Letzten Samstag wurde in Tel Aviv der 64. Eurovision Songcontest ausgetragen. Im Vorfeld des Wettbewerbs riefen Aktivisten auf der ganzen Welt zum Boykott auf und wollte damit laut eigener Auskunft auf die prekäre Situation der Palästinenser und das „Pinkwashing“ durch die israelische Regierung aufmerksam machen. Welche Auswirkungen hatten diese Boykottaufrufe auf das berühmteste Musikevent Europas?
Letzten Samstag, am 18. Mai, wurde in Tel Aviv die 64. Ausgabe des Eurovision Songcontest ausgetragen, nachdem die israelische Künstlerin Neta Barzilai letztes Jahr mit ihrem Song „Toy“ ganz Europa begeisterte und den Contest gewann. Mit den Worten „next time in Jerusalem“ (nächstes Mal in Jerusalem) übernahm die Künstlerin damals ihren Preis und brachte die Eurovision damit zum vierten Mal nach Israel. Es dauerte nicht lange, bis die internationale Boycott, Divestment and Sanctions (BDS) Bewegung zum Boykott des Songcontest in Israel aufrief. Die üblichen Verdächtigen aus aller Welt erklärten ihre „Solidarität mit den Palästinensern“ und forderten, dass kein „business as usual“ gemacht werden dürfe und der Song Contest in ein anderes Land verlegt werden müsse.

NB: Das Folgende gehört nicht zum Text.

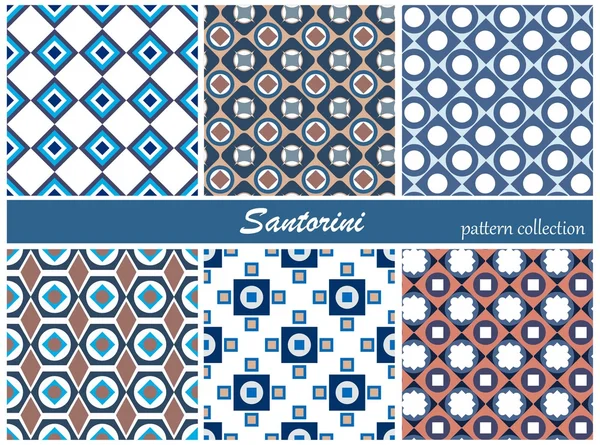 Collectie van naadloze patronen. Blauwe en witte kleuren. Santorini eiland kleuren. Vectorillustratie — Stockvector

Im Wesentlichen rufen BDS-Unterstützer zu dreierlei Arten von Boykotten auf: wirtschaftlichem, kulturellen und akademischem Boykott. Der wirtschaftliche Boykott bezieht sich darauf, den Handel mit Israel zu verweigern, wobei dieser Boykott verschiedene Ausmaße annehmen und von gänzlicher Verweigerung der wirtschaftlichen Kontakte mit Israel bis zur Nicht-Anwendung von Handelsabkommen auf bestimmte Produkte reichen kann. Das prominenteste Beispiel ist wohl die Entscheidung der Europäischen Union, Zollbefreiungen nicht auf Produkte anzuwenden, die in der Westbank produziert wurden.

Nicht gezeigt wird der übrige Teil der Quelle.